One can defend presentism via the "intuition" that what exists, is just what exists now. But then you have paradoxes about how past things can cause present things, which they evidently do, without existing. If you can only defend presentism by abandoning all our intuitions about causation, don't pretend to me that you are defending common-sense intuitions as such--you are instead picking and choosing them arbitrarily. Our intuitions may of course be somewhat confused here; that's why they should generally give way to more precise scientific analyses of reality instead of the other way around. So if causation is real, then there are problems with presentism even under Newtonian conceptions; special relativity just exacerbates these. Ultimately you can go solipsistic and say that only the here-and-now exists, but again if you think this is a substantive claim when you're only (unreasonably) narrowing your conception of "exists," then we'll need a different word to refer to all the stuff (things, entities, moments) around (and before and after) the here-and-now, to serve the same role as the word that the rest of us previously called existents.
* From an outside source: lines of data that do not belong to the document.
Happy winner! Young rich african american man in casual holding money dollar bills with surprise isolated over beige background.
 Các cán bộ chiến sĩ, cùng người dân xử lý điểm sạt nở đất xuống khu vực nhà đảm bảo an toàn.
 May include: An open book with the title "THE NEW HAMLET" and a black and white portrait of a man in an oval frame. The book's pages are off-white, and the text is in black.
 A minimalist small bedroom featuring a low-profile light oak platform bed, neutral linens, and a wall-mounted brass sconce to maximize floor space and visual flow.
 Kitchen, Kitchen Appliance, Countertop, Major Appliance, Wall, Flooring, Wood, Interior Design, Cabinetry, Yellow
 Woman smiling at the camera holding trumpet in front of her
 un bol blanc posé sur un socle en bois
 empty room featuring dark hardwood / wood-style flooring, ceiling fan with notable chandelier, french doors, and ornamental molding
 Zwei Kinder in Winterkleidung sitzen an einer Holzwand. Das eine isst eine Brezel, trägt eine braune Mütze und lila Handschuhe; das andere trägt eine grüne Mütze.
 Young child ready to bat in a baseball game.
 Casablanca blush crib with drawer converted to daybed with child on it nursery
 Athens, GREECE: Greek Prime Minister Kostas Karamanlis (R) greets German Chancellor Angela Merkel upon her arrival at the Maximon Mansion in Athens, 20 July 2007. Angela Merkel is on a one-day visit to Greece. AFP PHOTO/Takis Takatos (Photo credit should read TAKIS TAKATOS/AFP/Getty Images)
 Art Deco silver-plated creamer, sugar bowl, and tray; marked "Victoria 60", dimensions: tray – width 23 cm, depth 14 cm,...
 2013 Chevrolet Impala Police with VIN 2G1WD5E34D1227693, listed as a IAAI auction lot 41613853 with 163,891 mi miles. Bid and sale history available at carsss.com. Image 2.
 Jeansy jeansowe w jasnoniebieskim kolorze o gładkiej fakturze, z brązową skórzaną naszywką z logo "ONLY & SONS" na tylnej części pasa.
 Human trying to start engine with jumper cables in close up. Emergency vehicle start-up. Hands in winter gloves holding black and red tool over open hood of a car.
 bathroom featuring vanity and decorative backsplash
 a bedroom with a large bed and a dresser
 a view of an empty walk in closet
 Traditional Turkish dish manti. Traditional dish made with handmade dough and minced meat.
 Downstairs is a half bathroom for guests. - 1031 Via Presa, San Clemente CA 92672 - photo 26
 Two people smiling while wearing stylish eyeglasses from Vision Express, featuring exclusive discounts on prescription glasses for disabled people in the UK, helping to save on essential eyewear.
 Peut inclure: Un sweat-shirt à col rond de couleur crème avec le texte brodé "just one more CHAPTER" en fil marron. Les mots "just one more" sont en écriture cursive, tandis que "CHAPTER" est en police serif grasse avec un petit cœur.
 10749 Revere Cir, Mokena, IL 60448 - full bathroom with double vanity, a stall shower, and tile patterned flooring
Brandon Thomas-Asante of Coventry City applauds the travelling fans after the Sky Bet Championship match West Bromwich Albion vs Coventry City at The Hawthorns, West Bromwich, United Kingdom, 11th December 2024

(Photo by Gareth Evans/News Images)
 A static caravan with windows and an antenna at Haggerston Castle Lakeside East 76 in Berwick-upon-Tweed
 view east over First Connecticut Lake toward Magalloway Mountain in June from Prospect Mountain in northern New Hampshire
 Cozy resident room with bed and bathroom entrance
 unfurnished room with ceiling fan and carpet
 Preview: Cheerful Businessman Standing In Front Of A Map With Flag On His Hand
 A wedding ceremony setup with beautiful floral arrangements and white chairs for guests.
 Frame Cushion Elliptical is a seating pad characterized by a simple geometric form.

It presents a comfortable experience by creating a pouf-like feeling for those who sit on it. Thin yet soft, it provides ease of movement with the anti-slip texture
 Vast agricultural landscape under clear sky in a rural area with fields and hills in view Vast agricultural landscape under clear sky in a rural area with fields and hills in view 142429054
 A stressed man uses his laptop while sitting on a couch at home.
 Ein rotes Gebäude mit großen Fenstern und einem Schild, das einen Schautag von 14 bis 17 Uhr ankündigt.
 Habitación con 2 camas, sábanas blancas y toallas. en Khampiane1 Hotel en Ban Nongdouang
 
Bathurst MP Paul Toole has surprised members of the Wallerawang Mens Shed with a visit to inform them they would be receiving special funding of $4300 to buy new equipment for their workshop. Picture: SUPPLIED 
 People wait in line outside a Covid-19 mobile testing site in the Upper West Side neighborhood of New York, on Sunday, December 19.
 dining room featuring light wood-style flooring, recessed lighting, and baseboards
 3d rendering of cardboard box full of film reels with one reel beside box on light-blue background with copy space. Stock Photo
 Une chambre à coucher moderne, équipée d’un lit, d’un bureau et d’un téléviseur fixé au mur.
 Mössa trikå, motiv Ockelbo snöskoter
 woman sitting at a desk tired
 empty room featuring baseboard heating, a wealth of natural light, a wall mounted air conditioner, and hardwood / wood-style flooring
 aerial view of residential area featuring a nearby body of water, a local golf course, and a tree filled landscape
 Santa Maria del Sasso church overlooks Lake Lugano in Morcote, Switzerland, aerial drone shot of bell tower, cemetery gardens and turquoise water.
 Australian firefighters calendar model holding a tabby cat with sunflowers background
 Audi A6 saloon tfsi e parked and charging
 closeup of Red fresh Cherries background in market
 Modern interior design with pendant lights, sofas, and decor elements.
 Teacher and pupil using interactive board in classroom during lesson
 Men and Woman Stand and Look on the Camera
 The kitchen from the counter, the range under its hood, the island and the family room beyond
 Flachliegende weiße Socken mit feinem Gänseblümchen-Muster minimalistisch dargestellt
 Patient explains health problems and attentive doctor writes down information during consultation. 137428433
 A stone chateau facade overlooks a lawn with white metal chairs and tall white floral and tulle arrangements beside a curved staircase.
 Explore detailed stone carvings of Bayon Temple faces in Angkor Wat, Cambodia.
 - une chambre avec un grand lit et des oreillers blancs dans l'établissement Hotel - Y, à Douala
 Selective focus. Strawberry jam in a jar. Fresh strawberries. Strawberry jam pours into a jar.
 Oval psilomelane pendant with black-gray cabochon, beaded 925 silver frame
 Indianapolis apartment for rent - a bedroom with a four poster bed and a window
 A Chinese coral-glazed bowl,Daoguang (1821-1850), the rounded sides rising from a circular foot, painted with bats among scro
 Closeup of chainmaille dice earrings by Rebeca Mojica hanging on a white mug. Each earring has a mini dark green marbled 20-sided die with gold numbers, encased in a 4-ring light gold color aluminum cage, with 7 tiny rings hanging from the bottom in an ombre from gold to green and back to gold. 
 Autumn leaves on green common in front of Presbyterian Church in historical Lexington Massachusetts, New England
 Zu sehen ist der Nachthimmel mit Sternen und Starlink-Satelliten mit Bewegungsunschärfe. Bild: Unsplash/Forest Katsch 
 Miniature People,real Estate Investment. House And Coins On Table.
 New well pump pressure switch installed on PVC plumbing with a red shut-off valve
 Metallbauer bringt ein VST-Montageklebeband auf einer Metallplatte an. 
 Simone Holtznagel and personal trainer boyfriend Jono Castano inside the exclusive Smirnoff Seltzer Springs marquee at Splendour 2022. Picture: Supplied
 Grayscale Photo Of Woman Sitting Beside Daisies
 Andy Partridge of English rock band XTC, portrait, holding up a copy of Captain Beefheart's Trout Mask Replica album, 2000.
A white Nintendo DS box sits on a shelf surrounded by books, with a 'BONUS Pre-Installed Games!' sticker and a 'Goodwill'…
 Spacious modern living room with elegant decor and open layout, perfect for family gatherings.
Indeed, this seems implied by the usual definitions of presentism, as when OPE distinguishes present moments (events, entities, etc.) from, well, presumably non-present ones. Well, ok, then when I want to talk about the latter, give me a more general word than "exists" to do so with, and I'll carry on as before. Now, I'm fine with using more precise notation/terminology if this proves to be necessary, when we discover that the world is more complex than our previous speech/intuitions took it to be. And by no means do I rule out some possible value to presentist talk in this regard; maybe we should distinguish more sharply between present and non-present entities (other than, well, in the way I just did). But my objection is that it hasn't been presented this way, but rather as a substantive thesis about reality, so it is no wonder they haven't so much as presented arguments in favor of a merely pragmatic terminological change, let alone compelling ones.
One professor suggested, in response to my question about what OPE meant in practice, that presentism would forbid quantification over non-present times. But this exemplifies the same problem. Consider NEW: "There was at least one year in the 19th century when no European power was at war." I don't know if NEW is true or not, but it is surely quite meaningful and either true or false (or, if there are ambiguous cases, they may involve having to clarify what we mean by "European power" or "war"--but surely there is little doubt about what we mean by "year in the 19th century"). Now if the presentists don't want us to assert quantified sentences like NEW, they had damned well better give us ways of translating NEW into their preferred terminology. I don't know what that would look like...but I suspect it would just be a more complex, roundabout way of expressing the same proposition I take NEW to express.
So that's my thesis; my question is simply, is this wrong, or it is a plausible reading of the claims and debates over presentism, shedding some light over the issue? Discuss.